Profile
General Information
Suboxone is a combination of two currently marketed medications, buprenorphine and naloxone. It is used for the treatment of subjects with heroin and opiate addictions. Suboxone and Subutex were the first therapies approved for in-office prescribing under the federal Drug Addiction Treatment Act of 2000.
Mechanism of Action
Suboxone offers a combination of a weak narcotic (buprenorphine) and a narcotic antagonist (naloxone). The latter is added to prevent addicts from injecting the tablets intravenously, as has happened with tablets only containing buprenorphine; because it contains naloxone, Suboxone is highly likely to produce intense withdrawal symptoms if misused intravenously by opioid-addicted individuals.
Buprenorphine is a partial agonist at the mu-opioid receptor and an antagonist at the kappa opioid receptor. Naloxone is an antagonist at the mu-opioid receptor.
Side Effects
Adverse events associated with the use of Suboxone and Subutex may include (but are not limited to) the following:
- asthenia
- headache
- pain
- constipation
- nausea
- insomnia
- withdrawal syndrome
- sweating
- chills
- rhinitis
- infection
Dosing/Administration
Suboxone and Subutex are prescribed in 2mg and 8mg oral tablets.
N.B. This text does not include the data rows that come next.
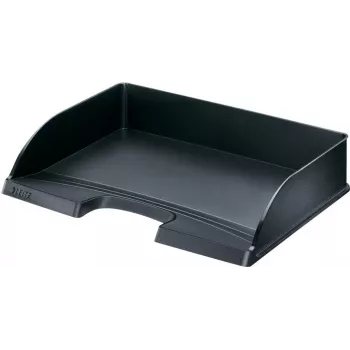 Leitz Click & Store A4 Dokumentenaufbewahrungsbox, Schwarz, laminierter Karton, 363 x 273 x 70 mm 5218-00-95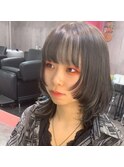 ボブ/フェザーバング/大人かわいい/グラデハイライト[渋谷]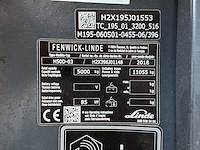 Linde - 2018 - h50d - vorkheftruck - afbeelding 8 van  16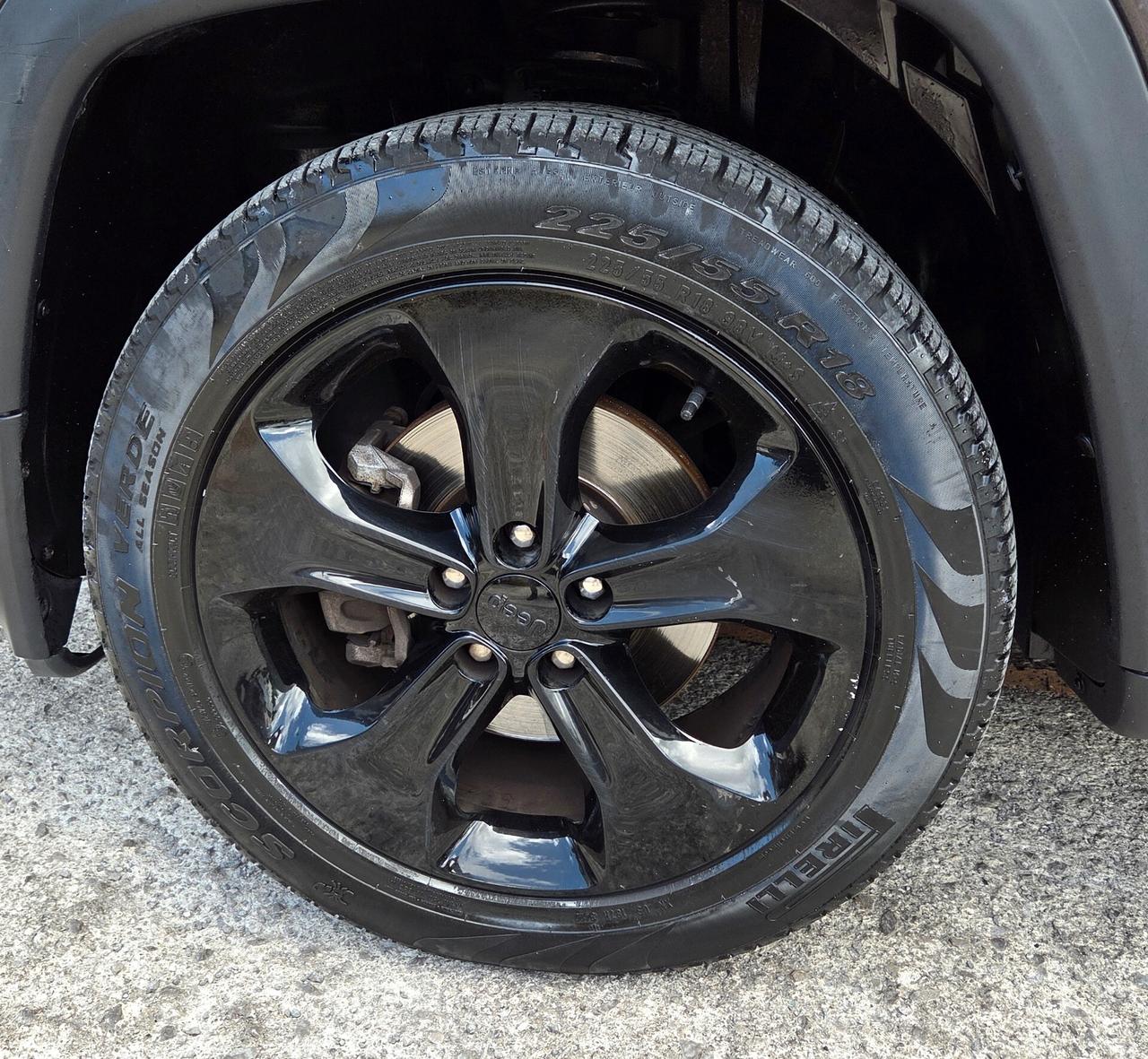 Jeep Compass 1.6 MJT Night Eagle FULL NAVI PELLE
These products were developed under a Cooperative Research and Development Agreement between Reckitt Benckiser and the National Institutes of Health’s National Institute on Drug Abuse in the USA. Subutex first received marketing approval in France and was launched in February 1996 by Schering-Plough under license from Reckitt Benckiser.
Clinical Trial Results
Suboxone tablets have been studied in 575 patients, Subutex tablets in 1834 patients and buprenorphine sublingual solutions in 2470 patients. A total of 1270 females have received buprenorphine in clinical trials. Dosing recommendations are based on data from one trial of both tablet formulations and two trials of the ethanolic solution. All trials used buprenorphine in conjunction with psychosocial counseling as part of a comprehensive addiction treatment program. There have been no clinical studies conducted to assess the efficacy of buprenorphine as the only component of treatment.
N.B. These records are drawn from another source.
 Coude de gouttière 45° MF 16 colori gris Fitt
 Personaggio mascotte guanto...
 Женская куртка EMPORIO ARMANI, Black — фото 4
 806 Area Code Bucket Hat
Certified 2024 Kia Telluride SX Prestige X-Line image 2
In a double-blind placebo- and active controlled study, 326 heroin-addicted subjects were randomly assigned to either Suboxone 16 mg per day, 16 mg Subutex per day or placebo tablets. The primary study comparison was to assess the efficacy of Subutex and Suboxone individually against placebo. The percentage of thrice-weekly urine samples that were negative for non-study opioids was statistically higher for both Subutex and Suboxone, than for placebo.